(AVAILABLE DATA Opens)

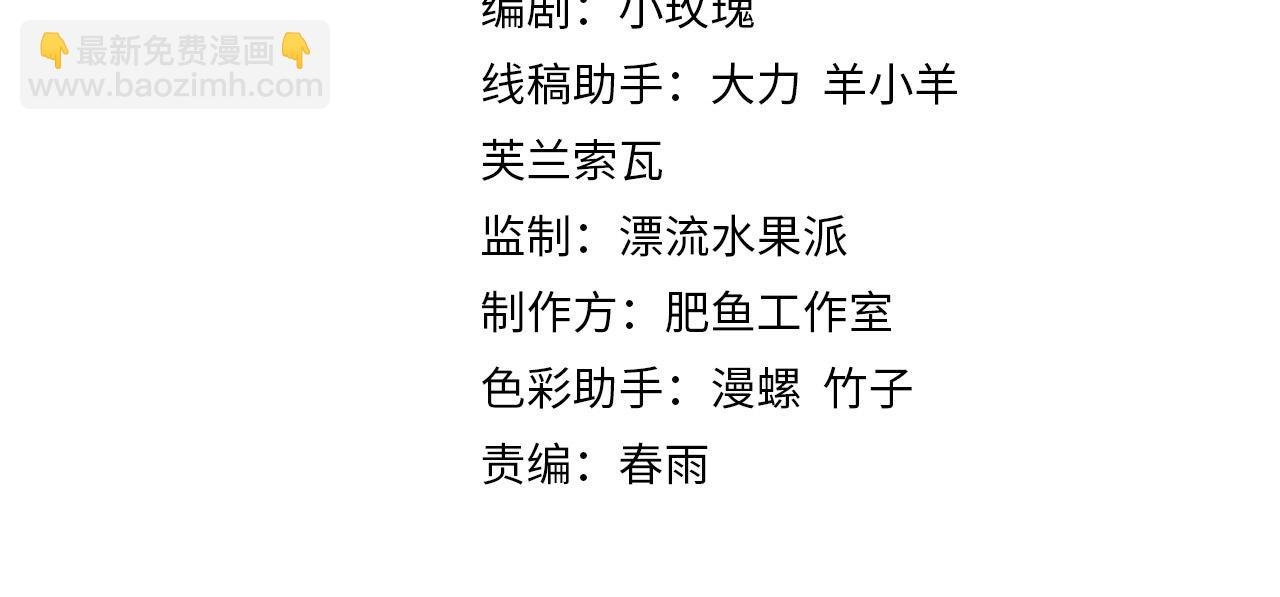 第103话 火力全开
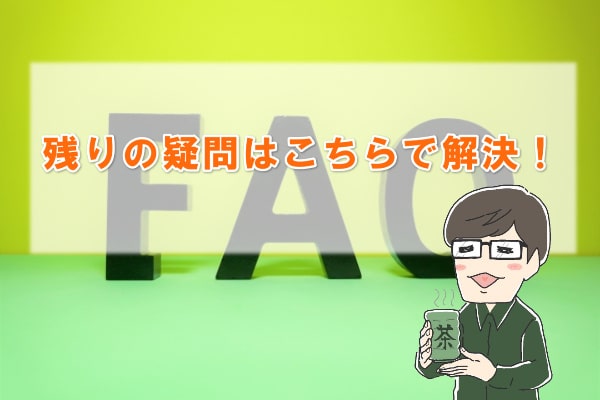 バイカによくある質問と解答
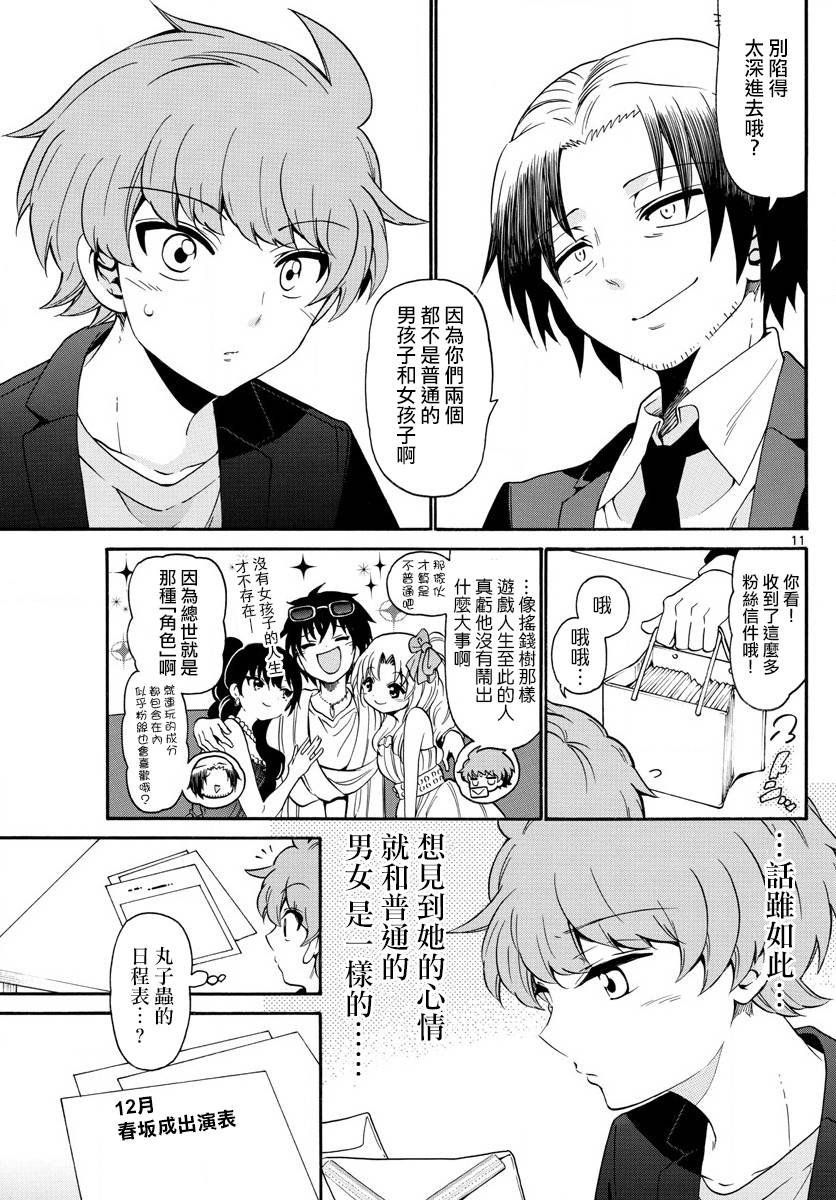 《天籁之声的天使》漫画最新章节第150话免费下拉式在线观看章节第【11】张图片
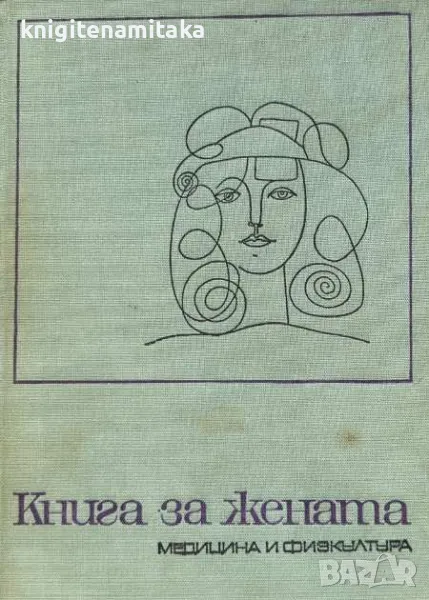 Книга за жената, снимка 1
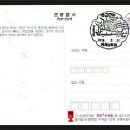 동해삼화동우체국 이미지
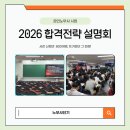 관악-현장-관악-806 | [노무사단기] 2026 합격전략 설명회 현장 스케치 🔥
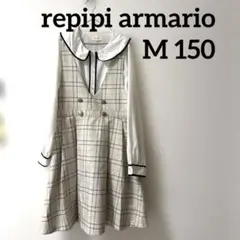 美品【repipi armario】レピピアルマリオ　フォーマルスーツ　セーラー 楽天市場】【卒服2025】セーラージャケット repipi armario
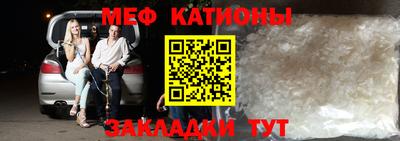 гидра Балашиха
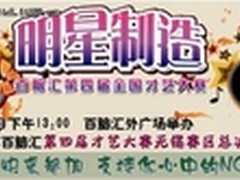 百脑汇第四届高校才艺大赛城市总决赛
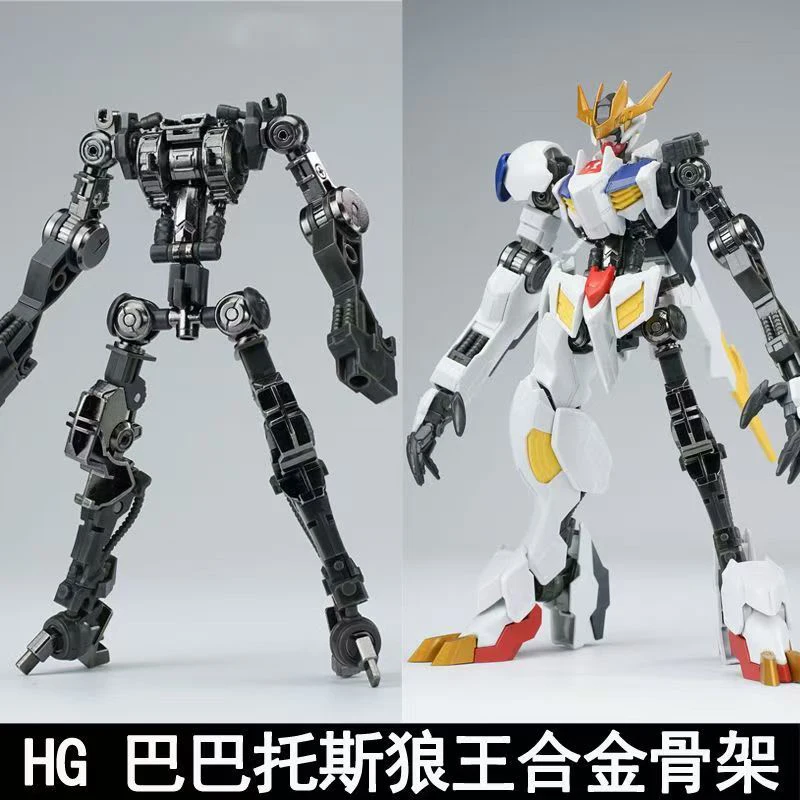 Ew Model Hg 1/144 Barbatos Iro - огляд і ціна Bandai Model Gundam Hg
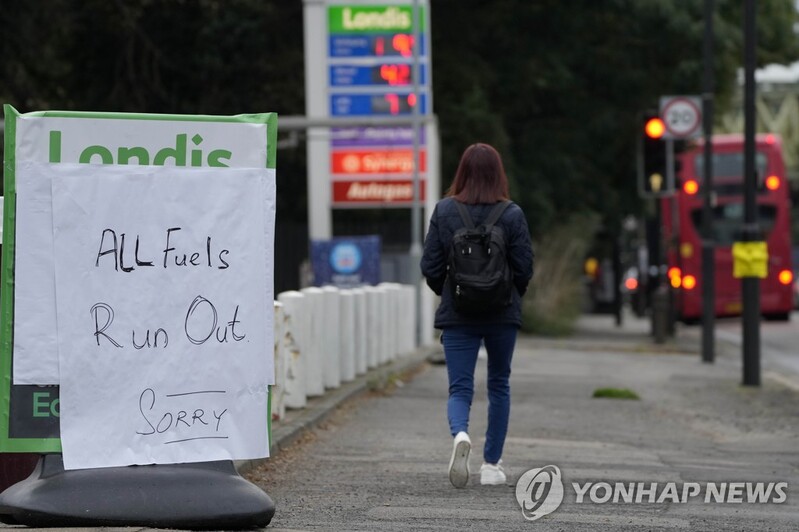 호날두도 못 넘은 영국 주유대란…운전기사 7시간 대기 후 포기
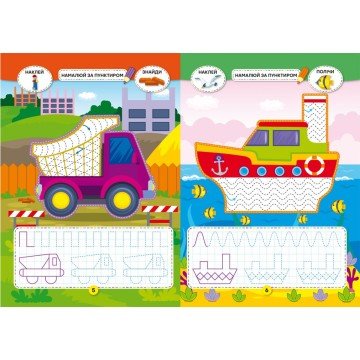 Фото2.Книга 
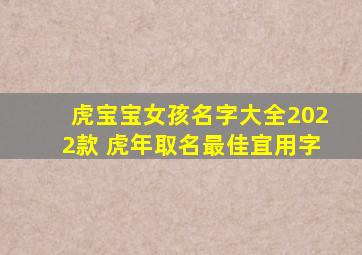 虎宝宝女孩名字大全2022款 虎年取名最佳宜用字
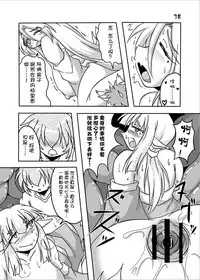 [Marunomare (Bankokudou)] Ryuujin-sama to Ore | 龙神大人与我 [Chinese] [月熙汉化组] [Digital]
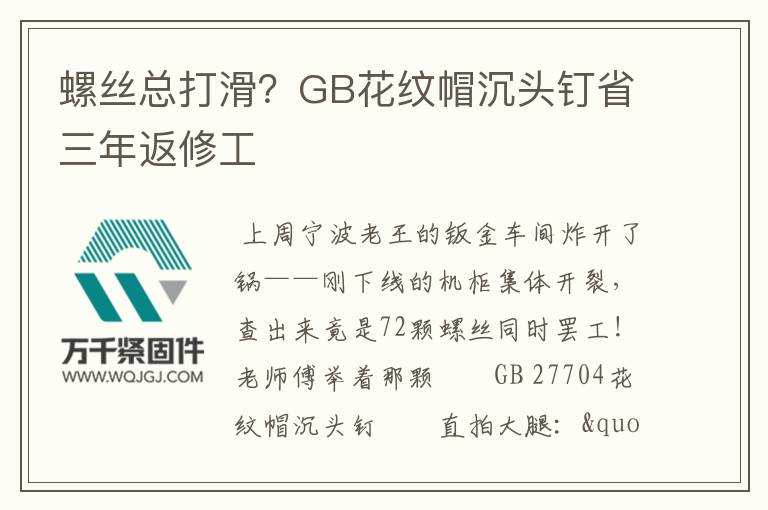 螺絲總打滑？GB花紋帽沉頭釘省三年返修工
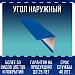 Угол наружный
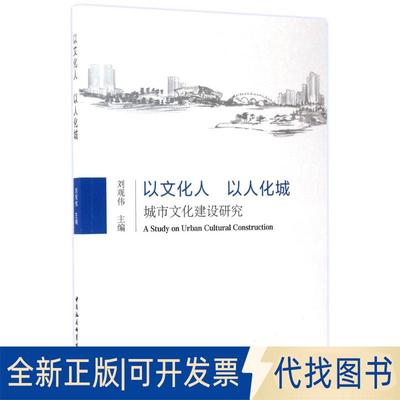 正版全新以文化人以人化城：城市文化建设研究9787516199787刘观伟 著中国社会科学出版社2017-08-01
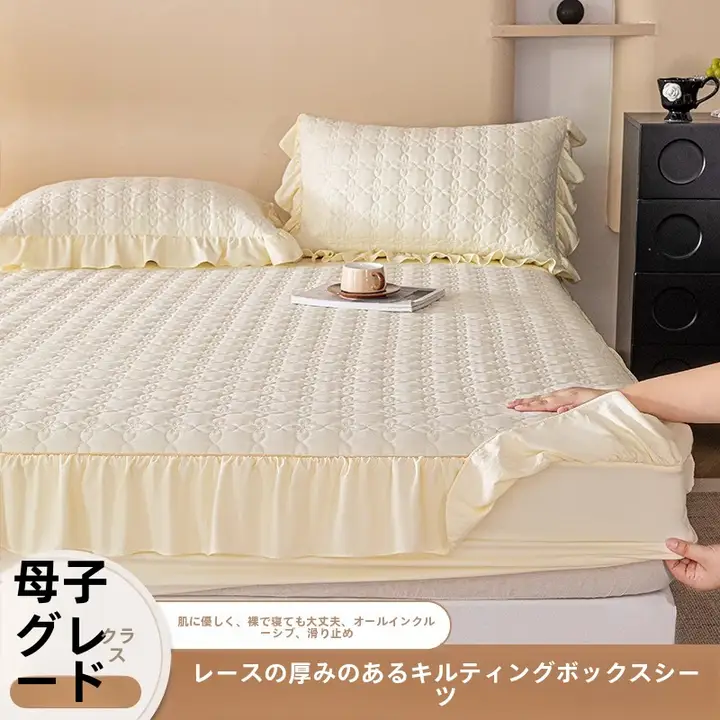 厚型フリル付き水洗いコットンベッドシーツ【全周ゴム・滑り止め・保護カバー】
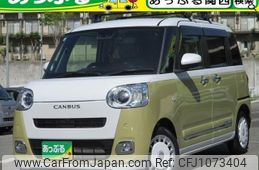 daihatsu move-canbus 2022 quick_quick_5BA-LA850S_LA850S-1000494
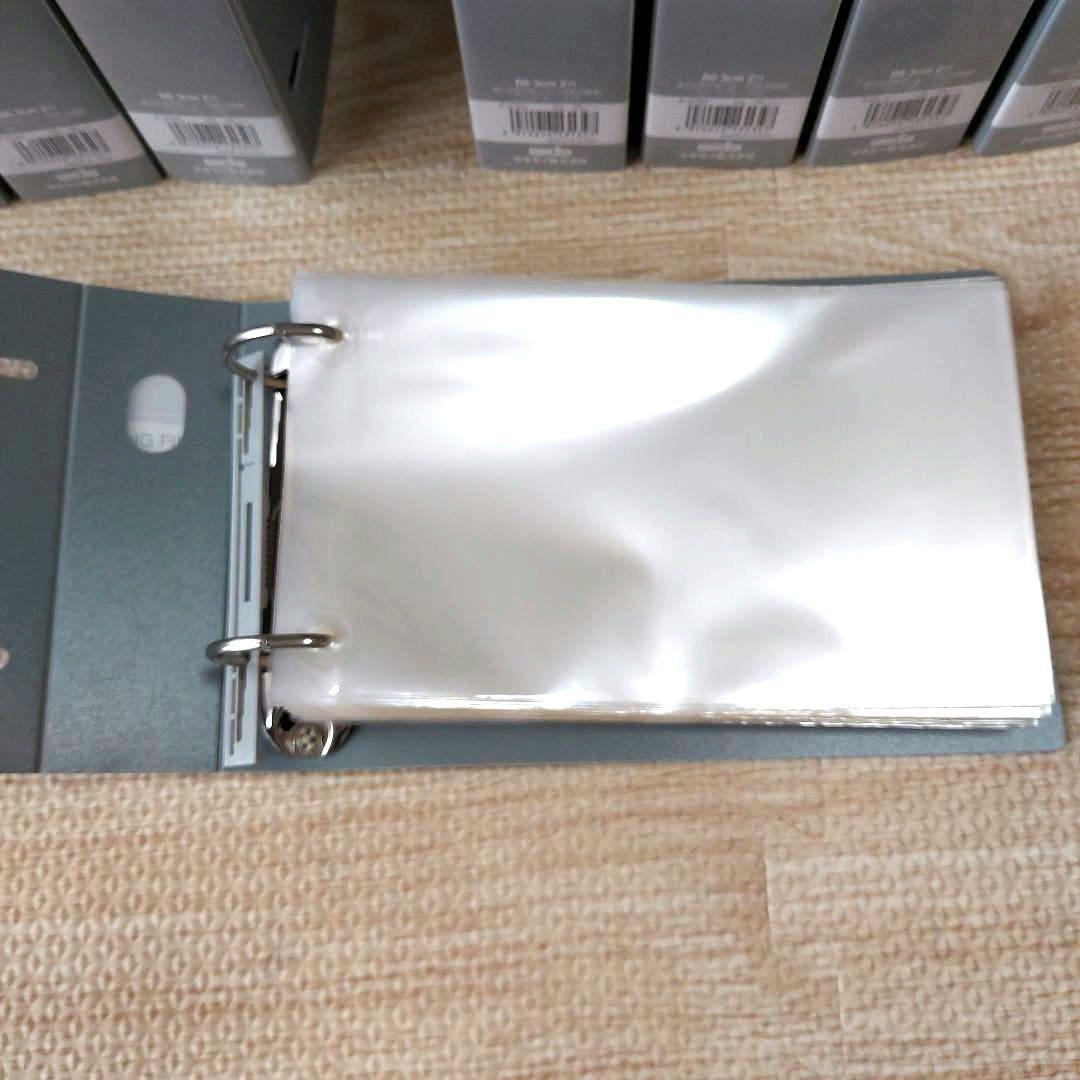 【ペッピーキッズ】モラモラ　カード収納セット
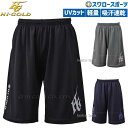 ＼10日(日)全品ポイント5倍／ 野球 ハイゴールド ドライハーフパンツ ドライ ハーフ パンツ HFP-004 HI-GOLD アウトレット クリアランス 在庫処分 野球用品 スワロースポーツ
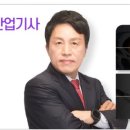PK자동차정비 이미지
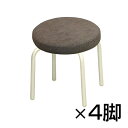 【まとめ買い】セレナスツール ロー 4脚セット 高耐荷重(100kg)スタッキング可能 ワッフル生地&肉厚座面 完成品 日本製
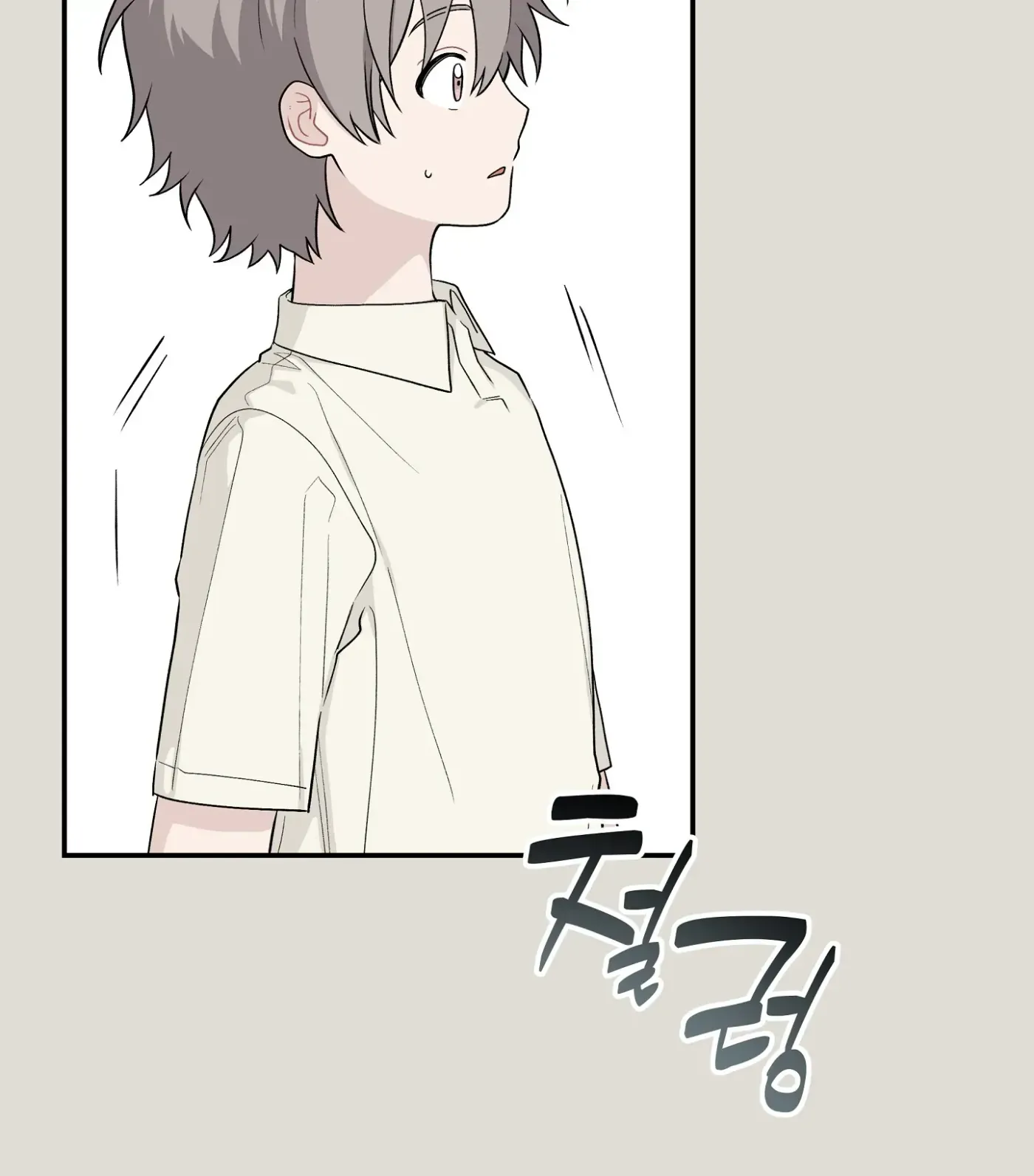 Read SOS! Fledgling Report chapter 33 image 79 on Lezhin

(AVAILABLE DATA Closes)

> _AIM OF THE EXERCISE_
Would you return the records exactly, keeping out every picture?

> _FINISHED EXERCISE_
 第103话 火力全开
 バイカによくある質問と解答
 《天籁之声的天使》漫画最新章节第150话免费下拉式在线观看章节第【11】张图片
 Книга за жената, снимка 1
 동해삼화동우체국 이미지
 관악-현장-관악-806 | [노무사단기] 2026 합격전략 설명회 현장 스케치 🔥
 美品【repipi armario】レピピアルマリオ　フォーマルスーツ　セーラー 楽天市場】【卒服2025】セーラージャケット repipi armario
 гидра Балашиха
 百脑汇第四届高校才艺大赛城市总决赛
 Ew Model Hg 1/144 Barbatos Iro - огляд і ціна Bandai Model Gundam Hg
 호날두도 못 넘은 영국 주유대란…운전기사 7시간 대기 후 포기
 Фото2.Книга 
 虎宝宝女孩名字大全2022款 虎年取名最佳宜用字
 [Marunomare (Bankokudou)] Ryuujin-sama to Ore | 龙神大人与我 [Chinese] [月熙汉化组] [Digital]
 螺絲總打滑？GB花紋帽沉頭釘省三年返修工
 Угол наружный
 正版全新以文化人以人化城：城市文化建设研究9787516199787刘观伟 著中国社会科学出版社2017-08-01
 厚型フリル付き水洗いコットンベッドシーツ【全周ゴム・滑り止め・保護カバー】
 daihatsu move-canbus 2022 quick_quick_5BA-LA850S_LA850S-1000494
 【ペッピーキッズ】モラモラ　カード収納セット
 ＼10日(日)全品ポイント5倍／ 野球 ハイゴールド ドライハーフパンツ ドライ ハーフ パンツ HFP-004 HI-GOLD アウトレット クリアランス 在庫処分 野球用品 スワロースポーツ
PK자동차정비 이미지
 【まとめ買い】セレナスツール ロー 4脚セット 高耐荷重(100kg)スタッキング可能 ワッフル生地&肉厚座面 完成品 日本製
 Read SOS! Fledgling Report chapter 33 image 79 on Lezhin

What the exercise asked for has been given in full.